> The data:
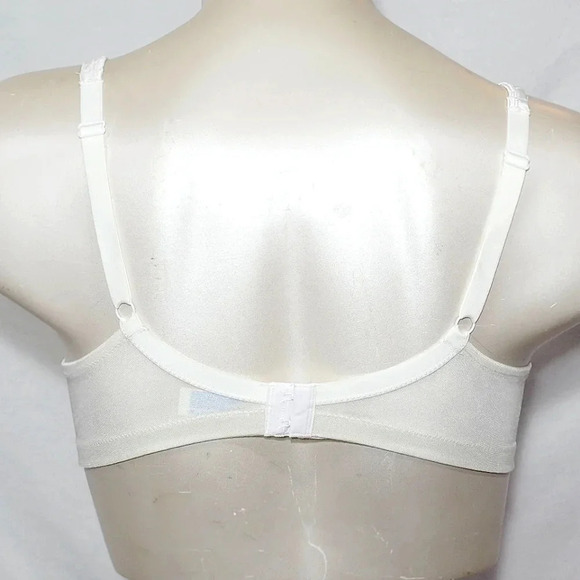 40C Exquisite Form 2506 Jacquard Satin & Lace Soft Cup Wire Free Bra White NWOT - Picture 3 of 3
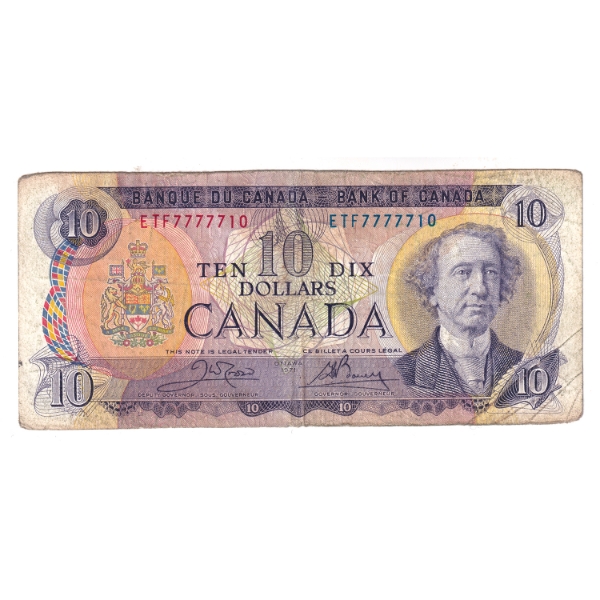 BC-49d 1971 $10 Neat Number SN: ETF7777710 Circulated Crow-Bouey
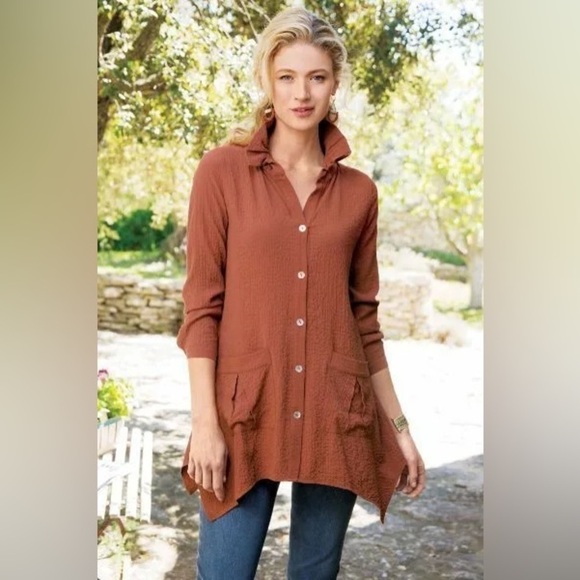 Soft Surroundings Tops - Soft Surrounding Crinkled Gauze Ruched Neck Plein Air Tunic Shirt in Orange XS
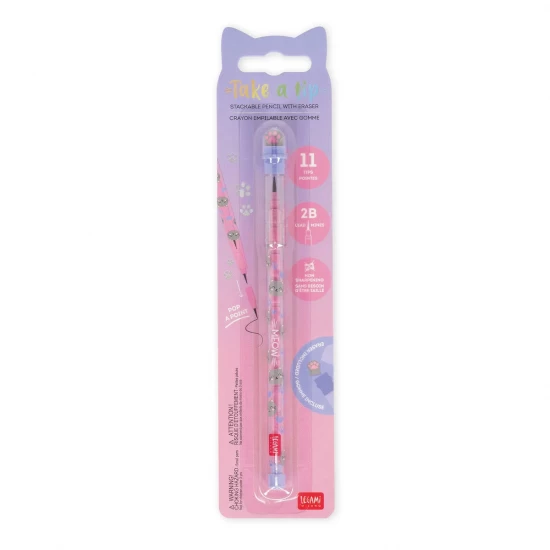 CRAYON EMPILABLE AVEC GOMME CHAT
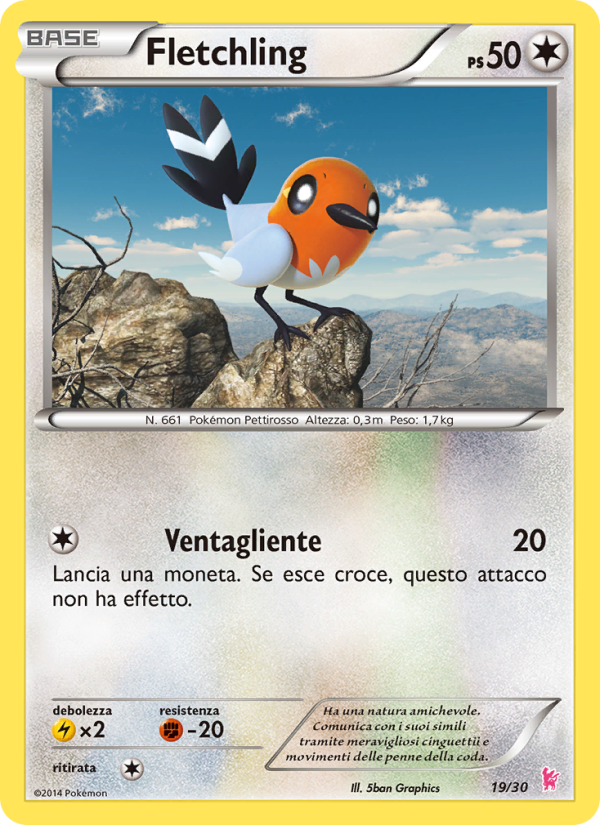 Fletchling 019/30 — XY trainer Kit (Sylveon) (Italian Pokémon TCG card)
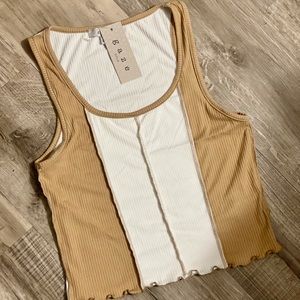 Nwt Exposed Seam Colorblock Crop Tank Top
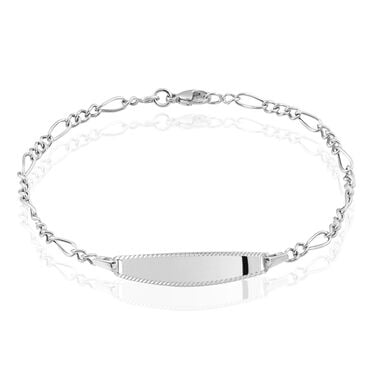 Bracelet Identité Bartolomee Maille Alternee 1/3 Or Blanc Bracelet Identité Bartolomee Maille Alternee 1/3 Or Blanc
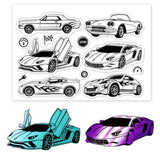 Craspire Sports Car, Car, Retro Stamp Clear Silicone Stamp Seal for Card Making Decoration and DIY Scrapbooking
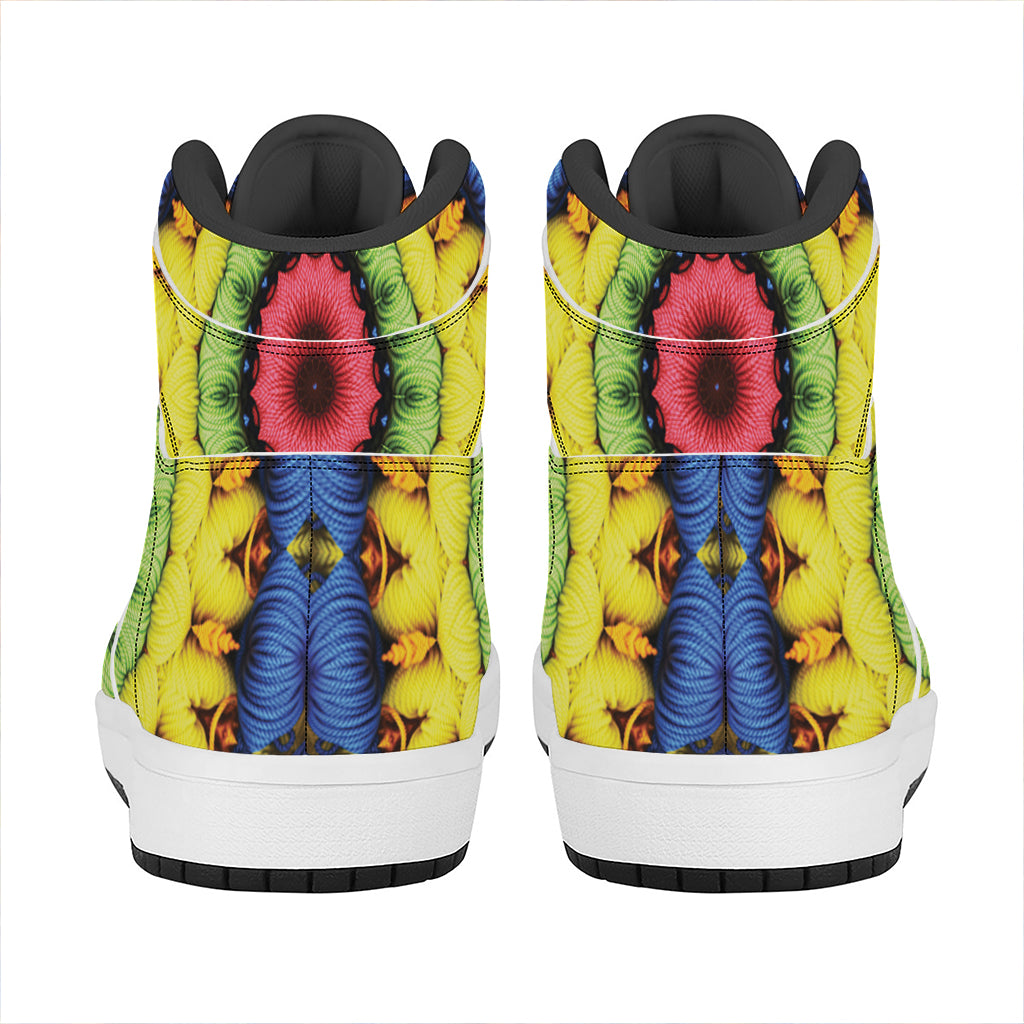 Colorful Kaleidoscope Print High Top Leather Sneakers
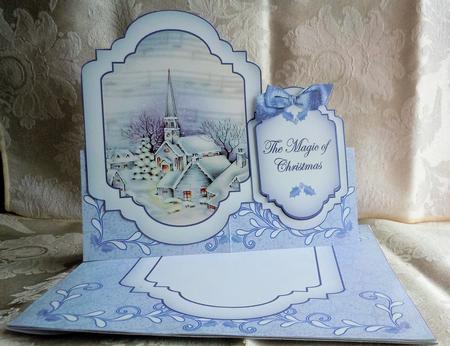 Blue Church Magic Fancy Stand Up Card Kit by Sharon Wilson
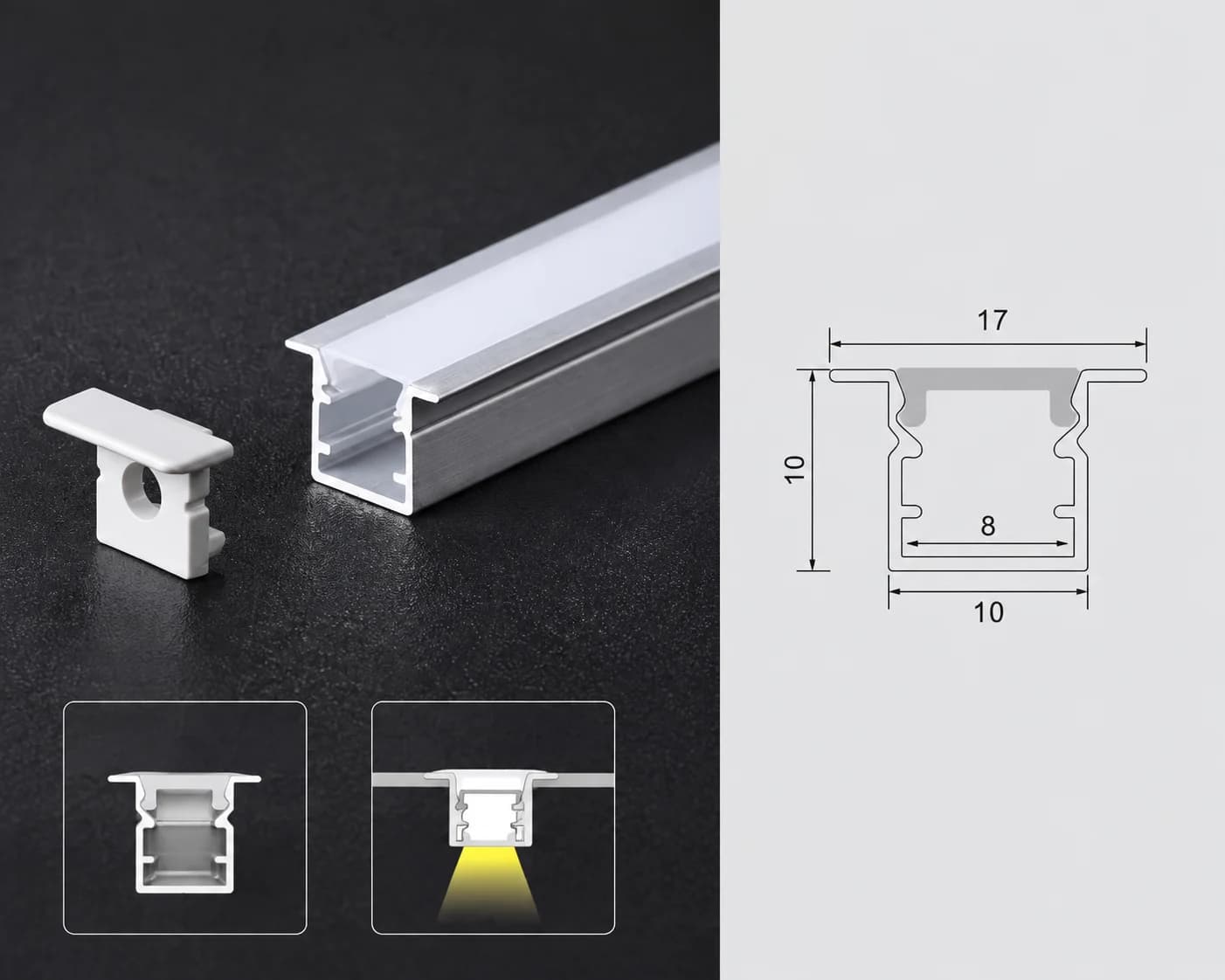 1010A 嵌入式 LED 灯带铝型材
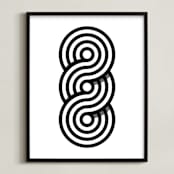 "Triple Loop" - Art Print in Black Line by Nathan Poland - Framed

> Problem to solve:
Begin at the first line of the material and copy each line exactly through the one containing "Nwt Exposed Seam Colorblock Crop Tank Top". Omit pictures.

> Solution below:
 40C Exquisite Form 2506 Jacquard Satin & Lace Soft Cup Wire Free Bra White NWOT - Picture 3 of 3
 BC-49d 1971 $10 Neat Number SN: ETF7777710 Circulated Crow-Bouey
 Soft Surroundings Tops - Soft Surrounding Crinkled Gauze Ruched Neck Plein Air Tunic Shirt in Orange XS
 CRAYON EMPILABLE AVEC GOMME CHAT
 Fletchling 019/30 — XY trainer Kit (Sylveon) (Italian Pokémon TCG card)
 Nwt Exposed Seam Colorblock Crop Tank Top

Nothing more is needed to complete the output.